他にも、気の合う仲間で大会を探して出るという方向性。ここには先生も絡んでくるので難しいかもしれない。先生の方向性によっては、先輩たちの出番を増やすだけの徒労に終わる可能性がある。
副顧問の先生は音楽の先生で厳しいらしく、実力主義を指示する生徒からは顧問をやって欲しいと思っている描写もある。
ならば、その先生を取り入り、個別に大会に出場するという手もあるのではないだろうか。
(現に先輩が引退してから、主人公たちの代はアンサンブルコンテストという少人数制の大会に挑んでいる)

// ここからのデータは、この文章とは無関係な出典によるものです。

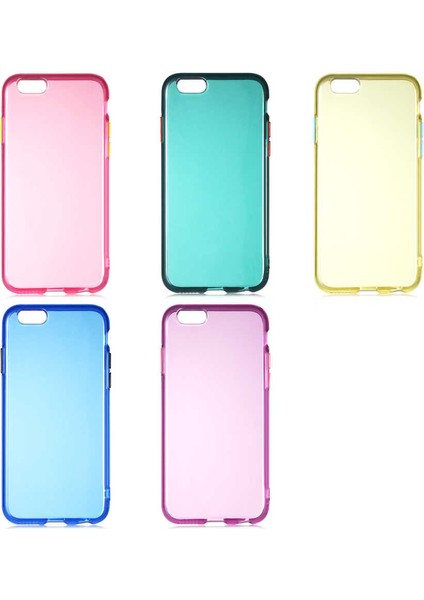 Apple iPhone 6 Uyumlu Bistro Kapak-Koyu Yeşil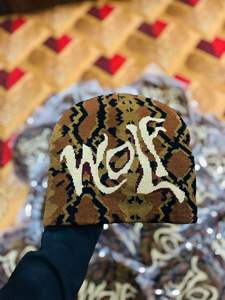 Nuevo Gorro de Punto Jacquard de Fibra Acrílica de Diseño Moderno Y2K, Gorro de Invierno Cálido con Letras Bordadas Personalizadas, Estilo de Imagen Moderno - Product Image 6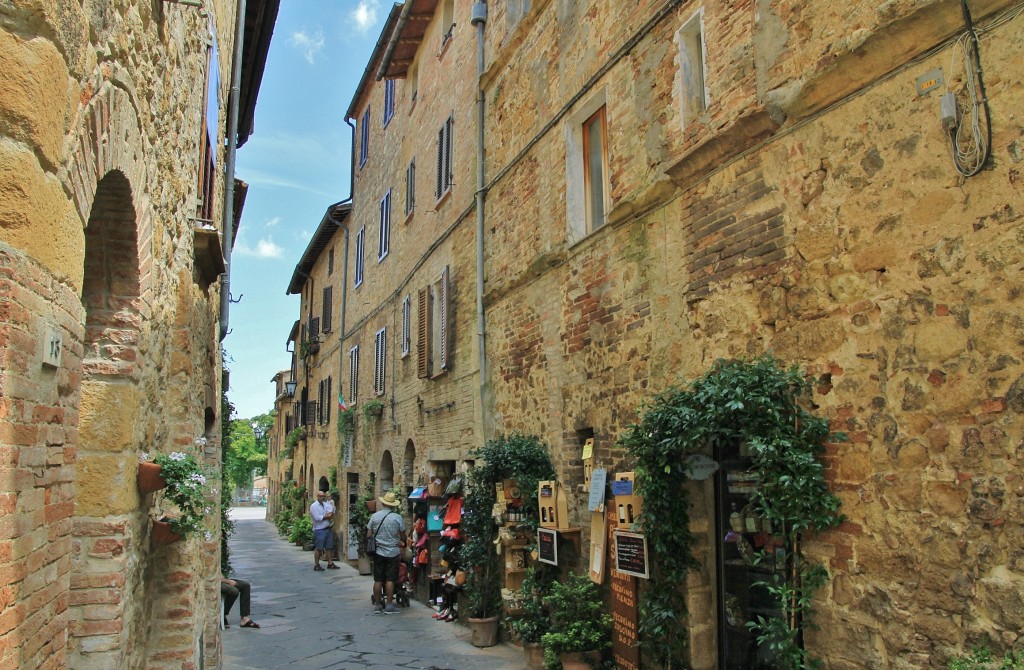 Foto: Centro histórico - Pienza (Tuscany), Italia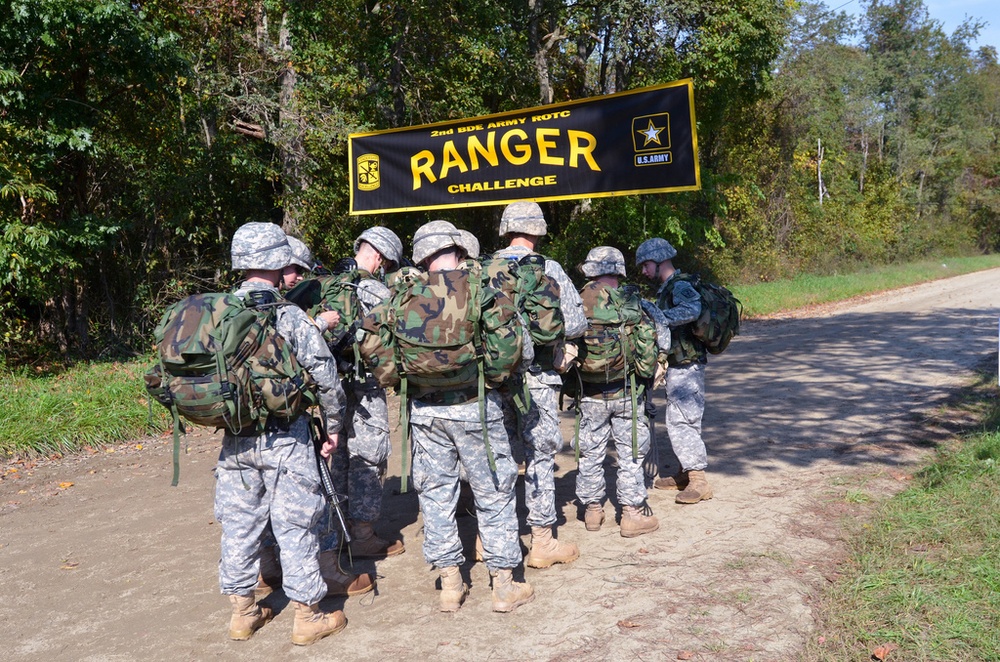 ROTC, Military Academies Team For Ranger Challenge 2012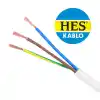 Hes 3x0.75 ttr kablo ( metre fiyatıdır )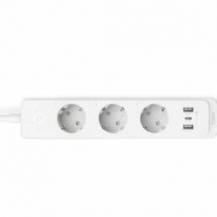 REGLETA INTELIGENTE TP-LINK TAPO P300/ 3 TOMAS DE CORRIENTE/ 2 USB TIPO-A/ 1 USB TIPO-C/ WIFI/ BLANCA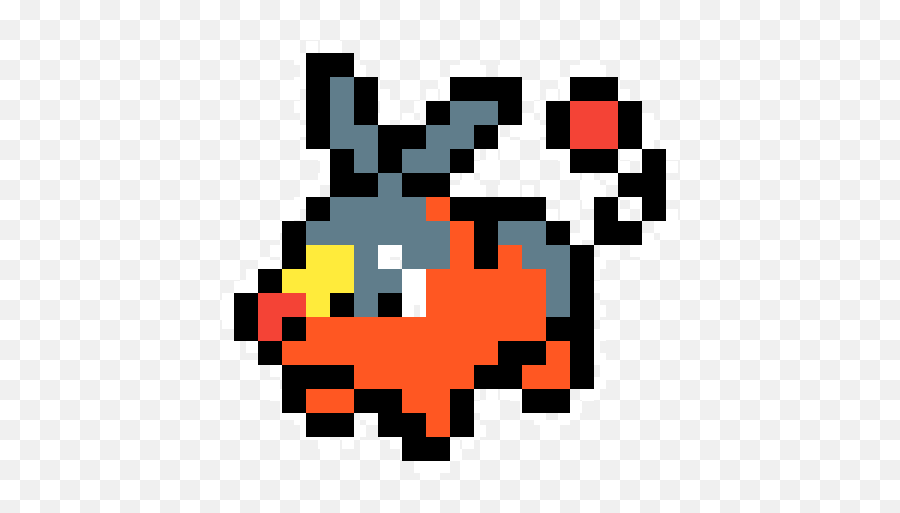 Tepig - 8 Bit Pokemon Pixel Art Full Size Png Download Transparent 8 Bit Pokemon,8bit Icon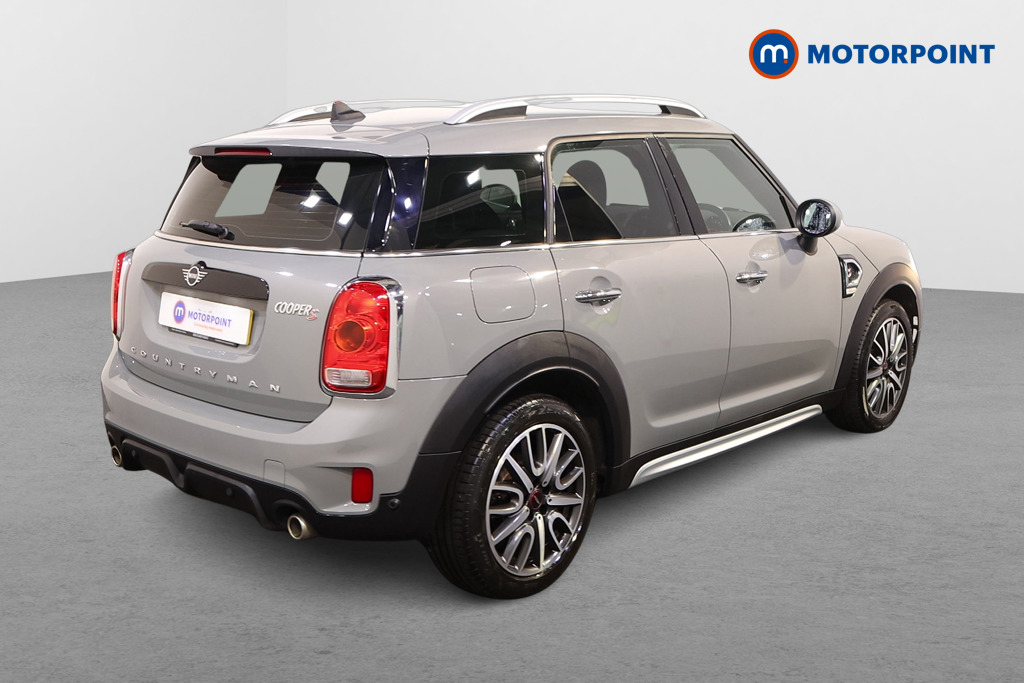 Mini Countryman Cooper S Sport Manual Petrol SUV - Stock Number (1568120) - Drivers side rear corner
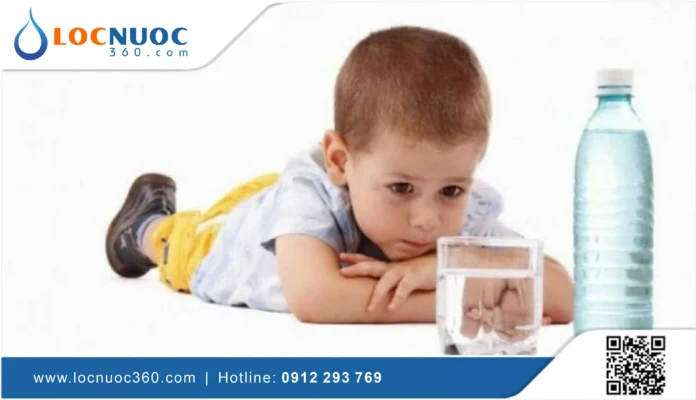 Nước Hydrogen có tốt cho sức khỏe của trẻ nhỏ?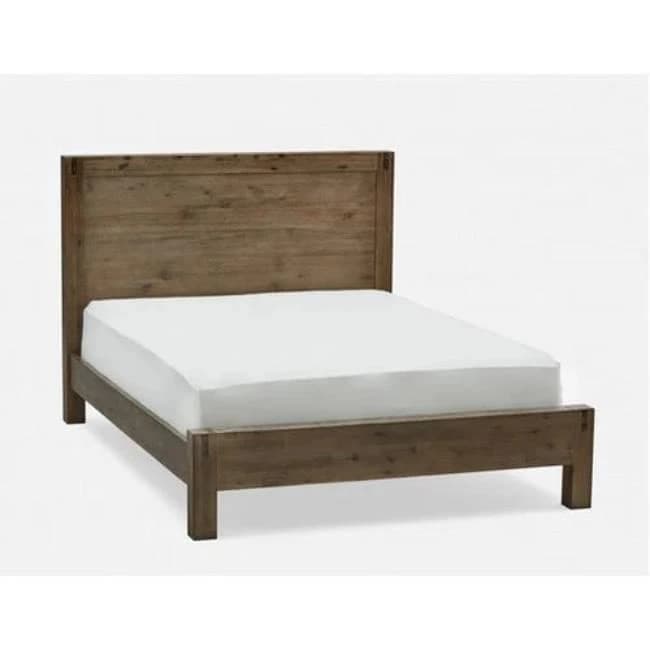 Wooden Single Bed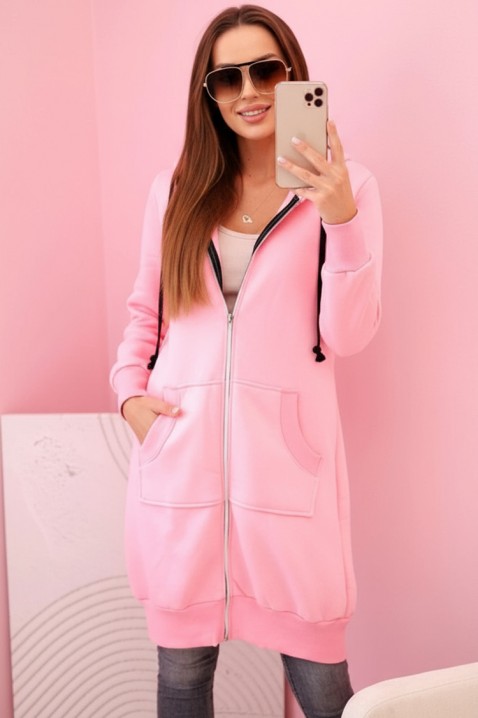 Φούτερ TREZONDA PINK, Χρώμα: ροζ, IVET.EU - Εκπτώσεις έως -80%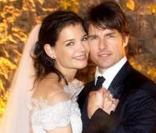 Le 18 novembre 2006, Katie a épousé en grande pompe l'acteur Tom Cruise... 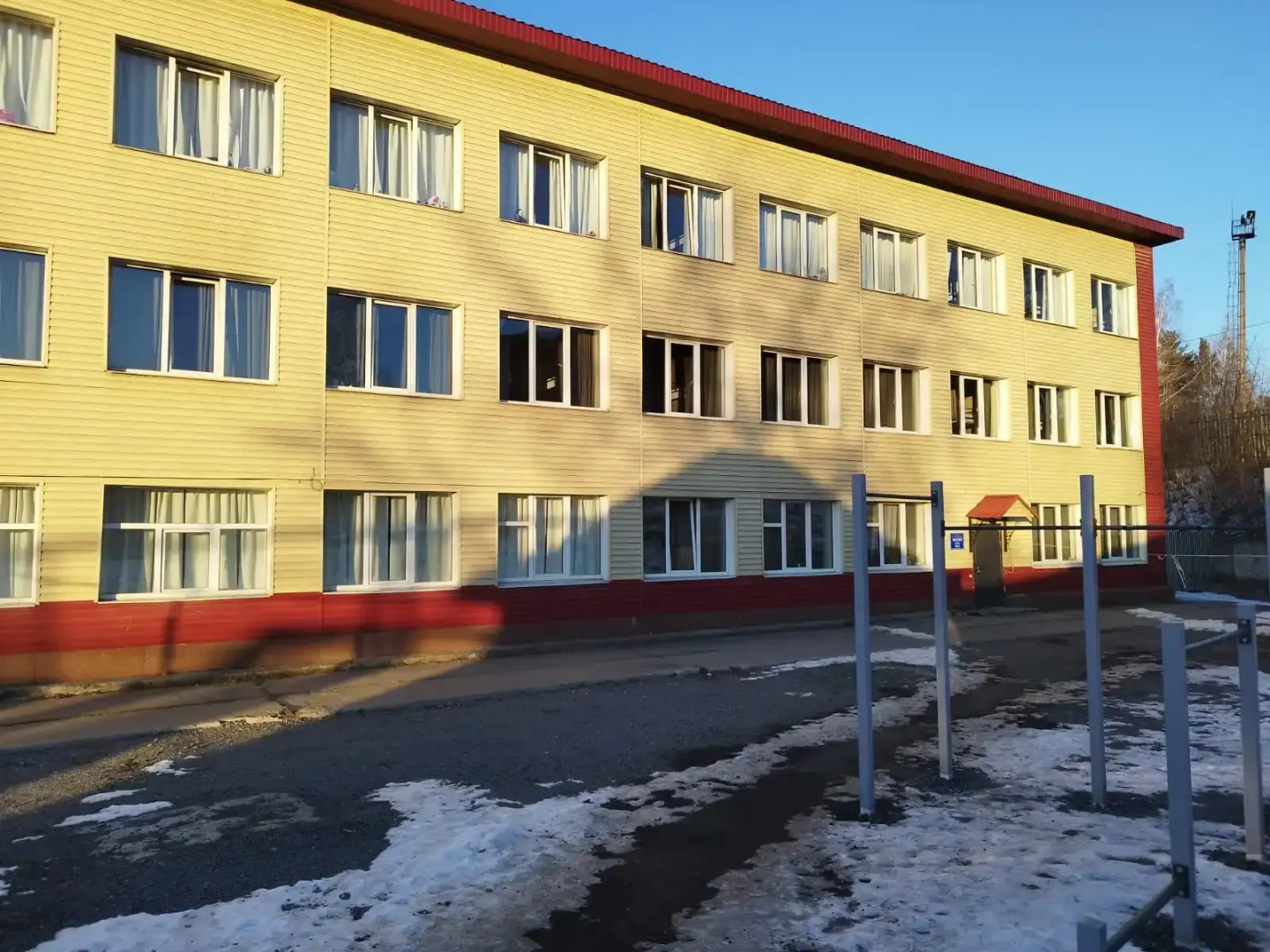 Хостел Koltsovo Inn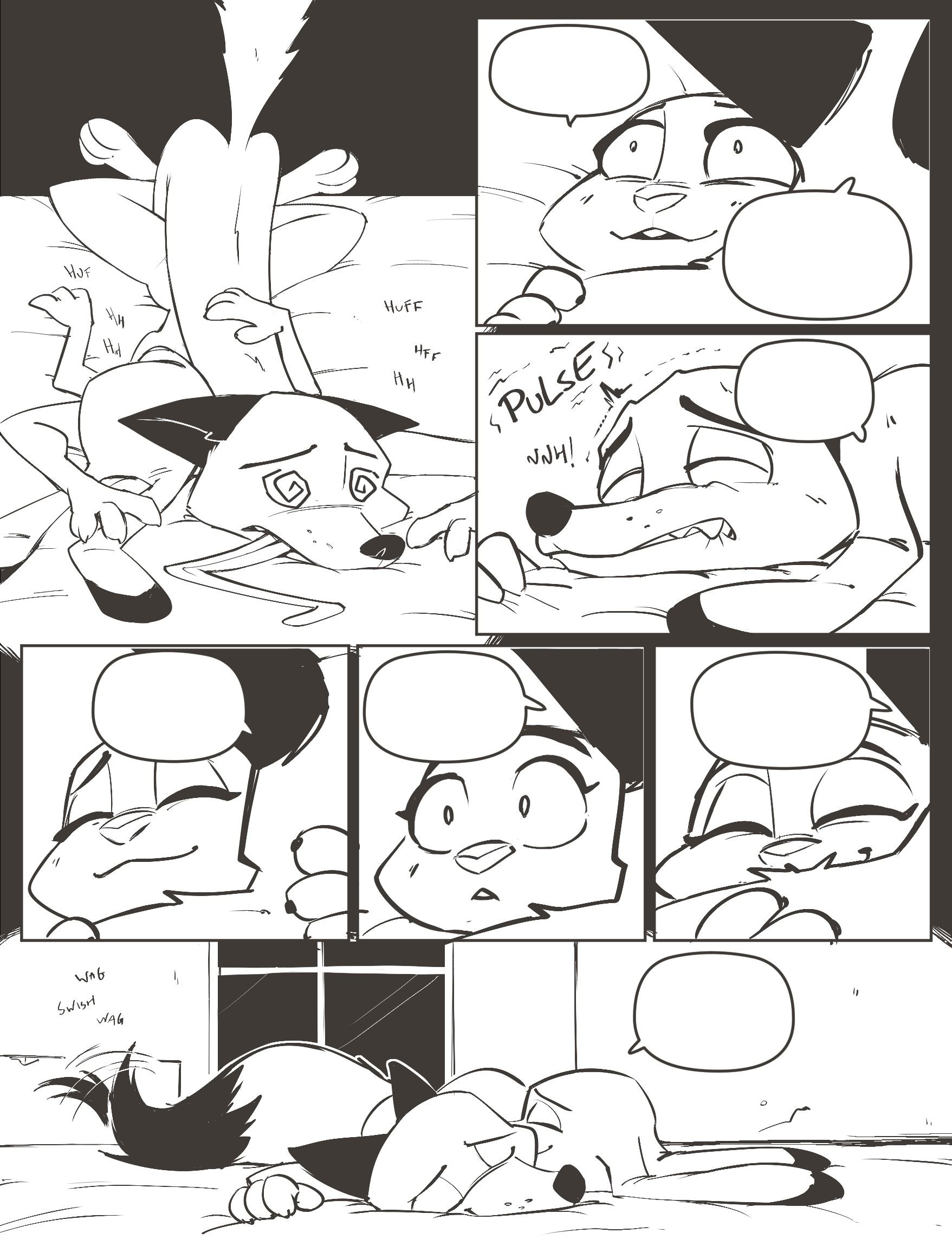 Tying The Knot (Zootopia) [Hagfish] - Chapter 1 — Page 85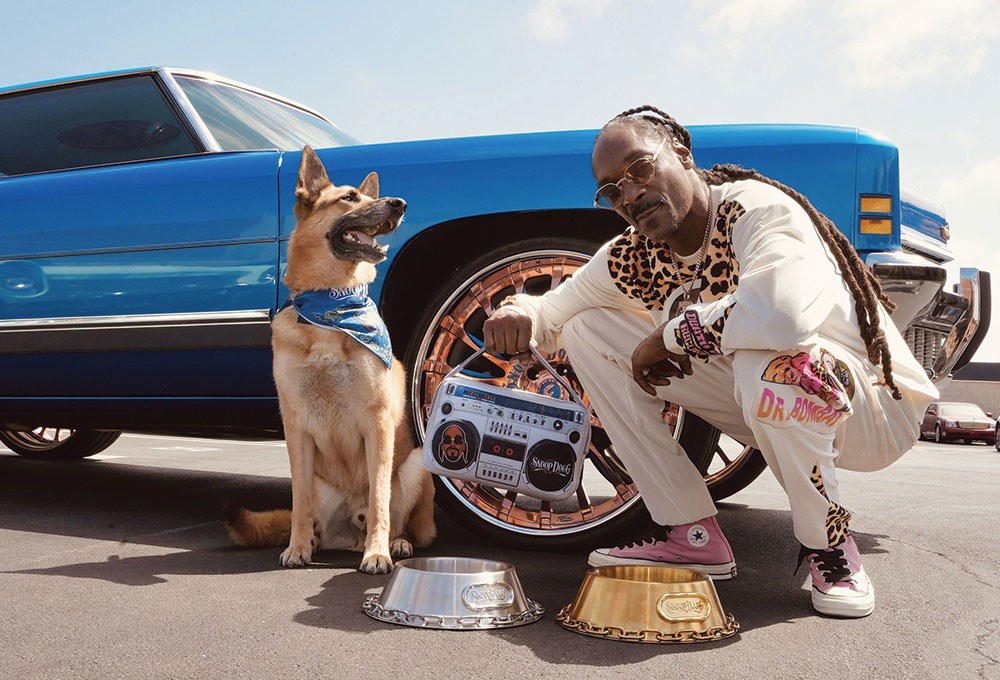 Rap’çi Snoop Dogg, evcil hayvanlar için giyim markası Snoop Doggie Doggs'u kurdu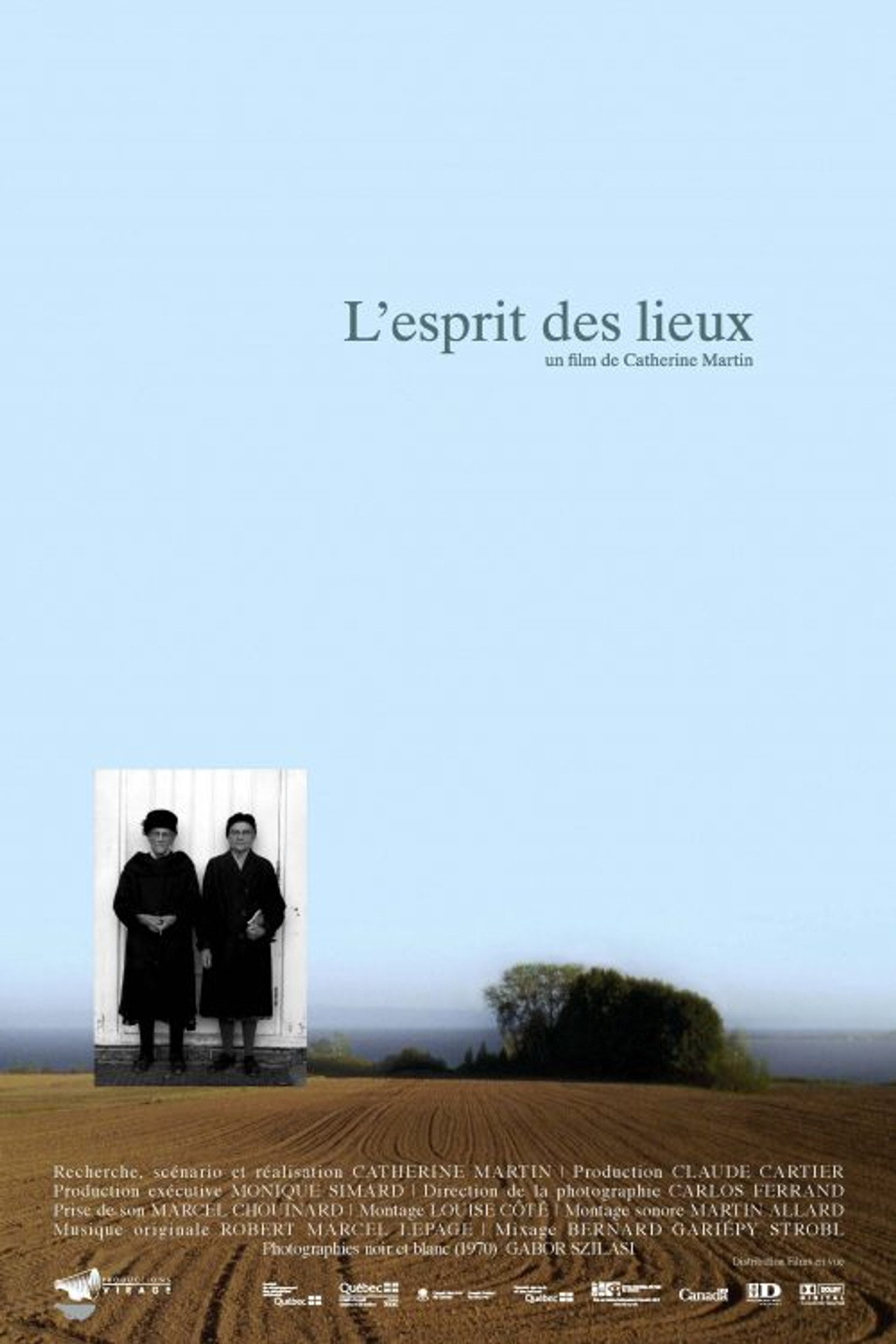 L'esprit des lieux filmaffisch
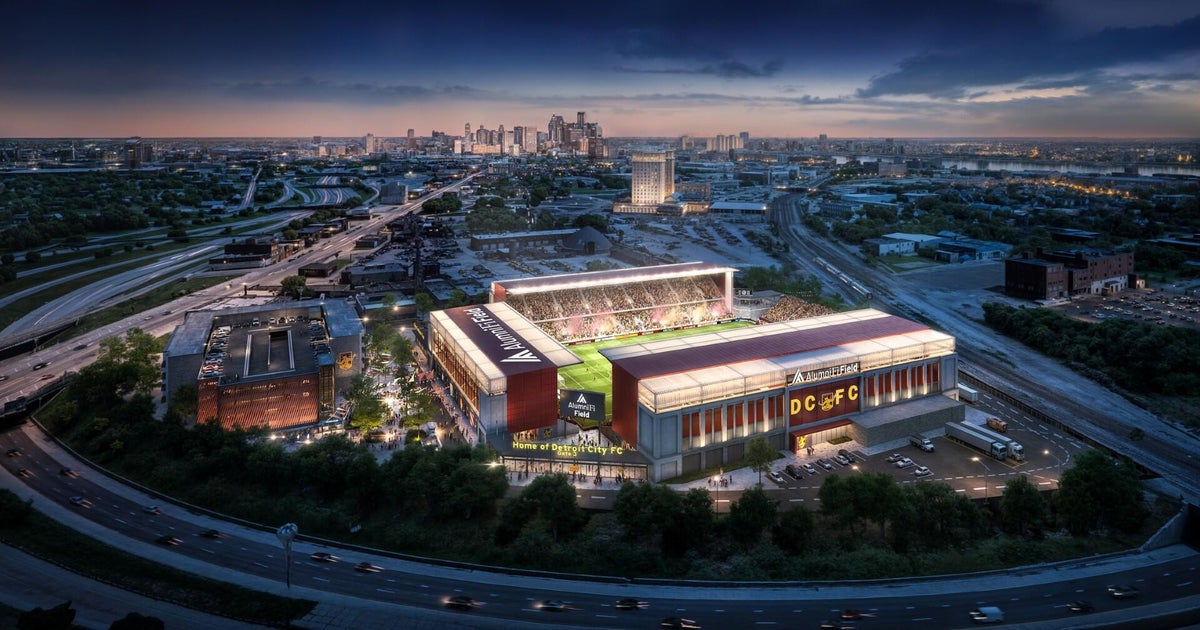 DCFC unveils renderings, name of new stadium in Corktown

それはそれで、「あいつらだけズルい」みたいなことも大いにある。
しかし、部内で住み分けをするのなら、一番大きい大会は年功序列を許すけれども、小さい大会は実力を優先させる、という方針でもいいと思う。
今となっては、こういうことも考えられるが、実行に移せるかどうかは別問題だ。
しかし、「練習したからその成果を見せる場所を!」というのは、承認欲求的な目線から大いに理解できる。努力が報われるか。正しい練習をしたか、ということを評価してほしい。そのためのコンクールという目線は十分に理解できる。
部内の方針が自分の描いた通りにならないのら、違う目標を見つけるか、抜けるのか、耐えるのか、いろいろ選ばなくてはならない。
上記の選択肢を選んだキャラクターもいれば、それ以外の選択肢、淡々と練習を続けたキャラクターもいる。
その集団の変わらない目的は何で、手段が変わっても対応できるように日々備えておくことが大切だと感じた。